I know that Guava Cache allows individual caches to be configured with an expiry time. Does Guava do this using a timer that wakes up after a configured number of seconds to invalidate the cache?

I have a transaction that is long-running. Whatever is in the cache at the start of the transaction, I would like it to continue till the end of the transaction. So even if the number of seconds of validity of a cache gets expired during the transaction, the values accessed from the cache should remain intact till we reach the end of transaction. Is this possible in Guava?

Thanks,
Yash


回答1:


From When Does Cleanup Happen? · CachesExplained · google/guava Wiki:

Caches built with CacheBuilder do not perform cleanup and evict values "automatically," or instantly after a value expires, or anything of the sort. Instead, it performs small amounts of maintenance during write operations, or during occasional read operations if writes are rare.

The reason for this is as follows: if we wanted to perform Cache maintenance continuously, we would need to create a thread, and its operations would be competing with user operations for shared locks. Additionally, some environments restrict the creation of threads, which would make CacheBuilder unusable in that environment.
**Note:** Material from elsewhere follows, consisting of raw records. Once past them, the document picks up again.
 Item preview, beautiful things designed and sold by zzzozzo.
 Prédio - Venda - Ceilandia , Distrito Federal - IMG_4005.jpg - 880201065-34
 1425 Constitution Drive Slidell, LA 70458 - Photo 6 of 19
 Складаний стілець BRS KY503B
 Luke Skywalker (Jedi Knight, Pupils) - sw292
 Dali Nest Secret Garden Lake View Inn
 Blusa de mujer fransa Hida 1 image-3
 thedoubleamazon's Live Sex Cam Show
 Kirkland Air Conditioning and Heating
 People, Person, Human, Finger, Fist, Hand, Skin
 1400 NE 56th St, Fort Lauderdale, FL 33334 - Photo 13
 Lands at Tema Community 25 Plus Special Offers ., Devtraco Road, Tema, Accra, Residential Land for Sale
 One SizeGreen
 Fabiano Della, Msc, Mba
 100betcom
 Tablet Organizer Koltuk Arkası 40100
Instead, we put the choice in your hands. If your cache is high-throughput, then you don't have to worry about performing cache maintenance to clean up expired entries and the like. If your cache does writes only rarely and you don't want cleanup to block cache reads, you may wish to create your own maintenance thread that calls Cache.cleanUp() at regular intervals.
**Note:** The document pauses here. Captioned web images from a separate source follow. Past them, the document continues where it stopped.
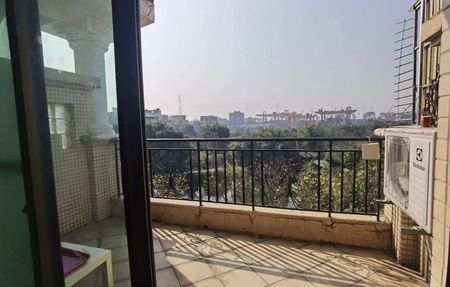 房源图片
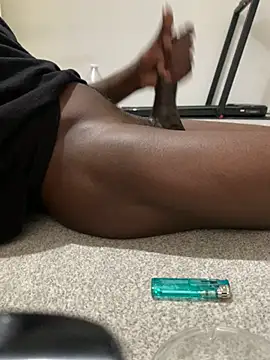 funpharoh1 online show from July 21, 1:24 pm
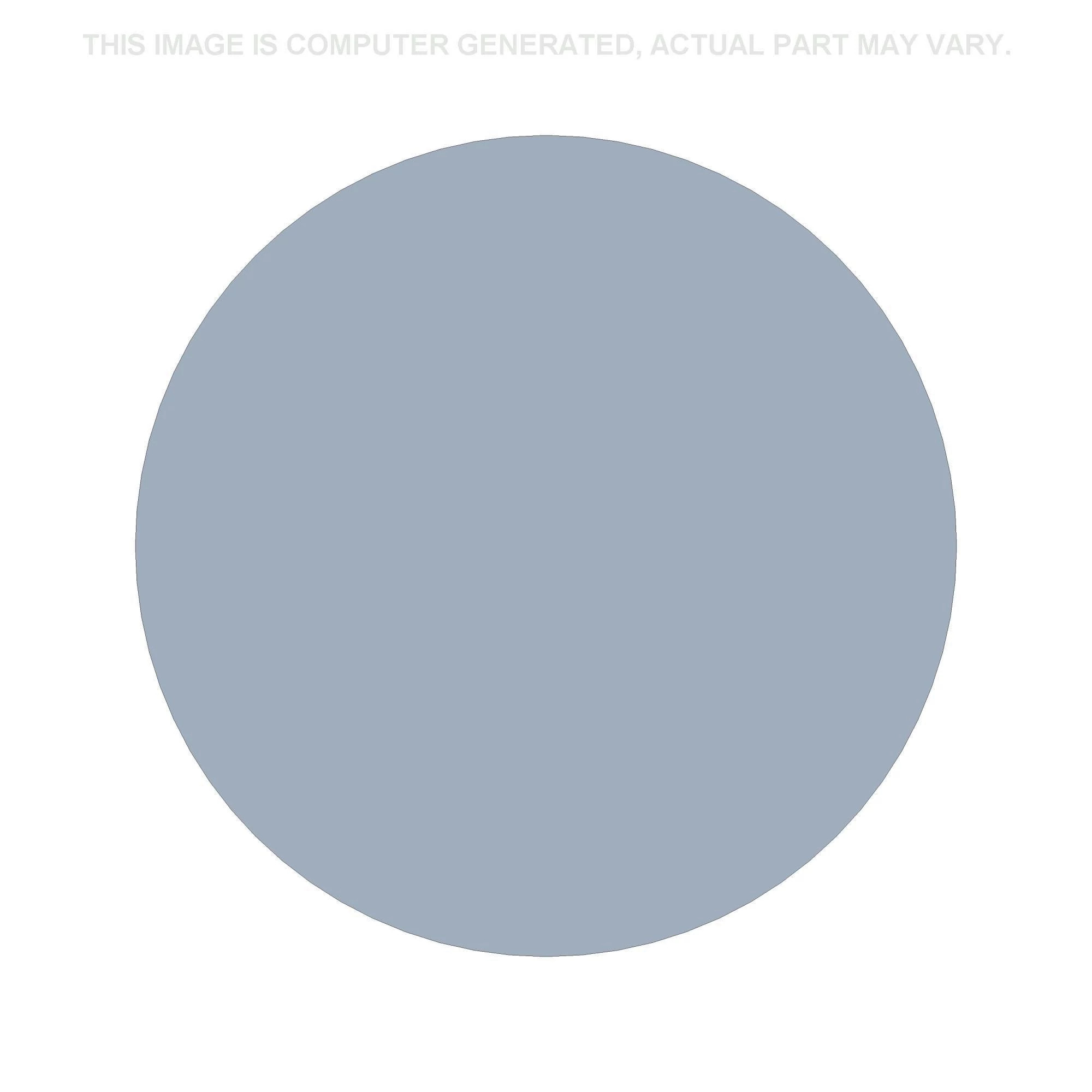 GASKET | NEWHOLLANDAG | AU | EN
If you want to schedule regular cache maintenance for a cache which only rarely has writes, just schedule the maintenance using ScheduledExecutorService.
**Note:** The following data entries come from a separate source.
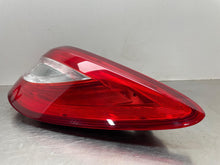 Load image into Gallery viewer, TAIL LIGHT LAMP ASSEMBLY CLS550 CLS63 12 13 14 Right - NW614560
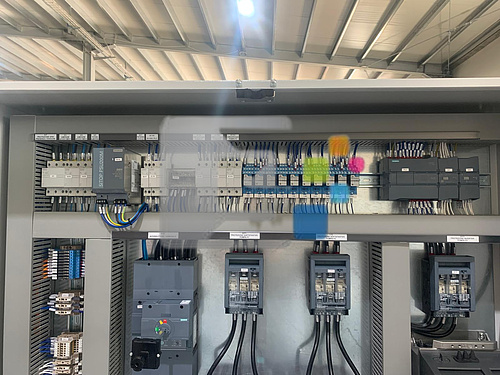 quadroyesenergy2.jpg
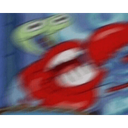 BathnCo-BathnCompanyCursed icon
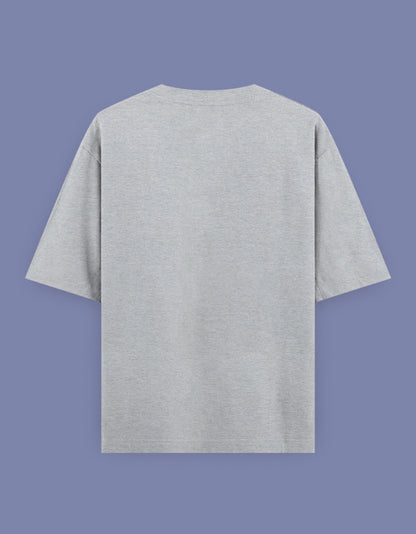 Back_2_c_4.jpg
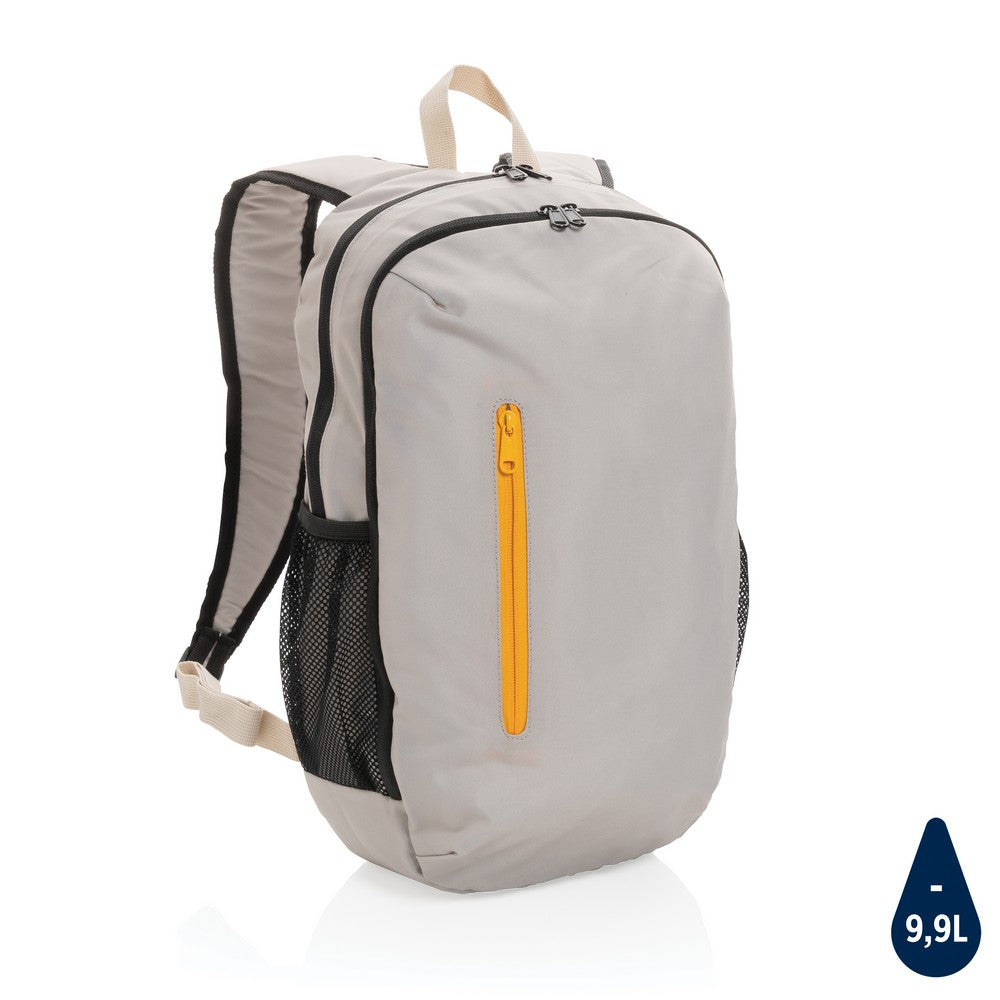 Plecak na laptopa 15” Impact AWARE™ RPET Winners Gadzety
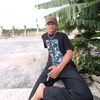 hein.zaw1476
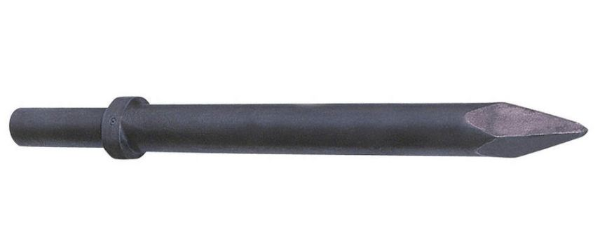 MOIL POINT - 9"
As such, if you are only doing reads you "might" be good if you do a Cache.cleanUp() just before and after your transaction but there is still no guarantee.

However, instead of trying to force items to stay in the cache you might instead simply evict items to another cache/map using a removalListener and then when you read you will first need to check the cache and then, if it wasn't there, check the items evicted during the long-running transaction.

The following is an oversimplified example:

Map<Integer, String> evicted = new ConcurrentHashMap<>();
Cache<Integer, String> cache = CacheBuilder.newBuilder()
        .expireAfterAccess(2, SECONDS)
        .removalListener((RemovalListener<Integer, String>) notification -> 
                evicted.put(notification.getKey(), notification.getValue()))
        .build();
assert evicted.size() == 0 && cache.size() == 0;
cache.put(0, "a");
cache.put(1, "b");
cache.put(2, "c");
assert evicted.size() == 0 && cache.size() == 3;
sleepUninterruptibly(1, SECONDS);
assert evicted.size() == 0 && cache.size() == 3;
cache.put(3, "d");
assert evicted.size() == 0 && cache.size() == 4;
sleepUninterruptibly(1, SECONDS);
cache.cleanUp();
assert evicted.size() == 3 && cache.size() == 1;
Integer key = 2;
String value;
{
    value = cache.getIfPresent(key);
    if (value == null) value = evicted.get(key);
}
assert Objects.equals(value, "c");

Your actual code would need to conditionally put into evicted, clean-up evicted, manage multiple evicted objects if your running long-running transactions concurrently or use a common cache between the threads with a different eviction strategy, etc. but hopefully this demonstrates the idea sufficiently to get you started.